To compute the SVD, we decompose \(\mathbf{A}\) as:

\[ \mathbf{A} = \mathbf{U} \mathbf{\Sigma} \mathbf{V}^\top \]

where:

\(\mathbf{U}\) contains the left singular vectors.
\(\mathbf{\Sigma}\) contains the singular values.
\(\mathbf{V}^\top\) contains the right singular vectors (the principal components).

Performing the SVD for this matrix, we obtain:

\[ \mathbf{U} = \begin{bmatrix} -\frac{1}{\sqrt{2}} & 0 & -\frac{1}{\sqrt{2}} \\ 0 & 1 & 0 \\ -\frac{1}{\sqrt{2}} & 0 & \frac{1}{\sqrt{2}} \end{bmatrix}, \quad \mathbf{\Sigma} = \begin{bmatrix} \sqrt{2} & 0 \\ 0 & 1 \\ 0 & 0 \end{bmatrix}, \quad \mathbf{V}^\top = \begin{bmatrix} -\frac{1}{\sqrt{2}} & -\frac{1}{\sqrt{2}} \\ -\frac{1}{\sqrt{2}} & \frac{1}{\sqrt{2}} \end{bmatrix} \]

The singular values in \(\mathbf{\Sigma}\) provide us with information about the variance captured by each principal component. The right singular vectors in \(\mathbf{V}^\top\) are the directions in feature space that capture the most variance.

Thus, SVD offers a powerful way to decompose and analyze the structure of the data matrix, and it is often more numerically stable than eigenvalue decomposition, especially for large or noisy datasets.

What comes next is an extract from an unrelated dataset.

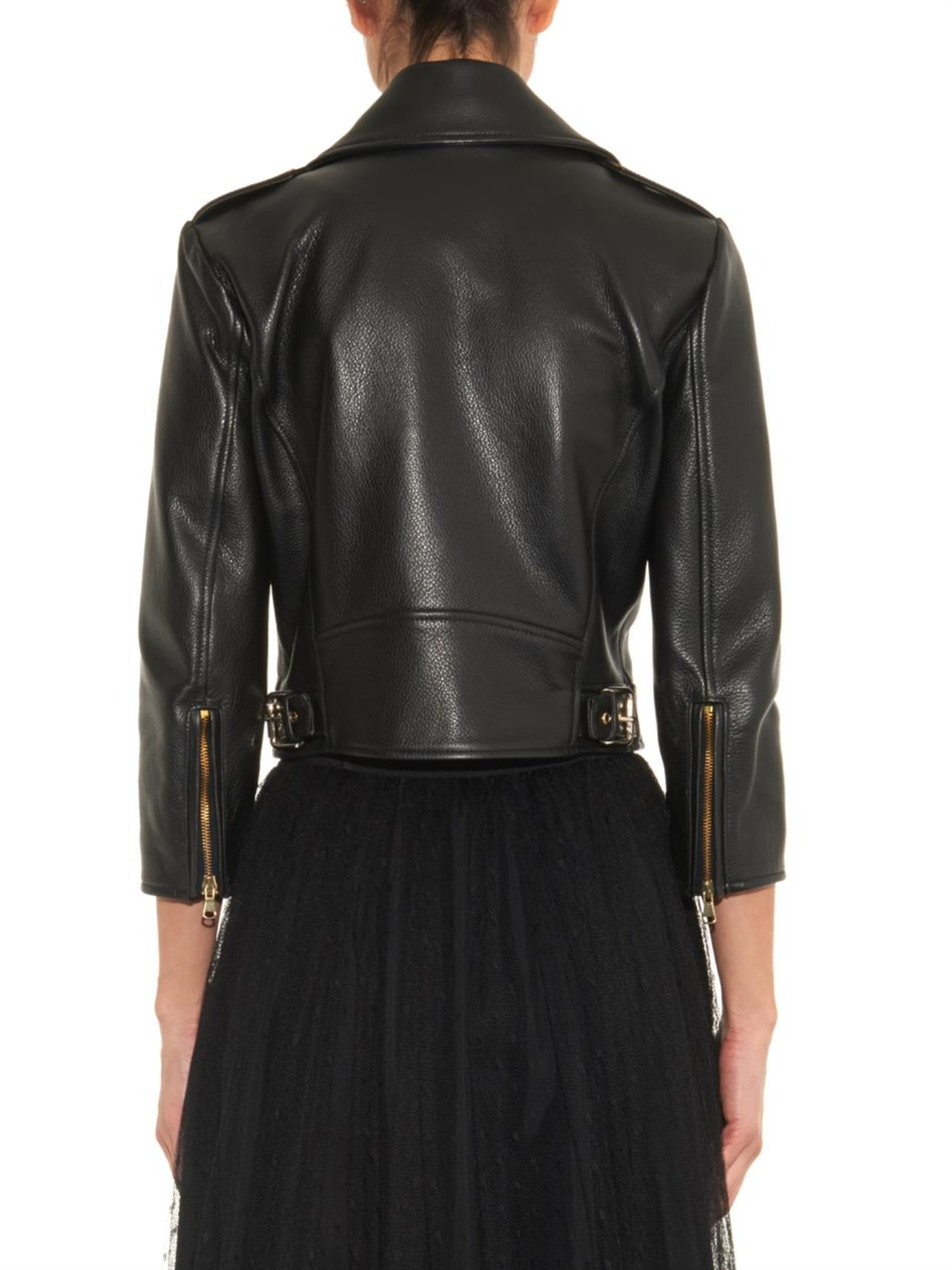 Red Valentino Cropped Leather Biker Jacket In Black Lyst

In the context of PCA, the right singular vectors in \(\mathbf{V}\) are the principal components, and the singular values in \(\mathbf{\Sigma}\) relate to the amount of variance captured by each component.

2.4 Conclusion

In this chapter, we covered the fundamental mathematical concepts required to understand PCA. We explored vectors, matrices, the covariance matrix (denoted \(S^2\)), eigenvalue decomposition, and SVD. These concepts form the backbone of the PCA algorithm, allowing us to reduce dimensionality by finding directions of maximum variance in the data.

In the next chapter, we will discuss the PCA algorithm itself, walking through each step in detail, from data preprocessing to projecting data onto principal components.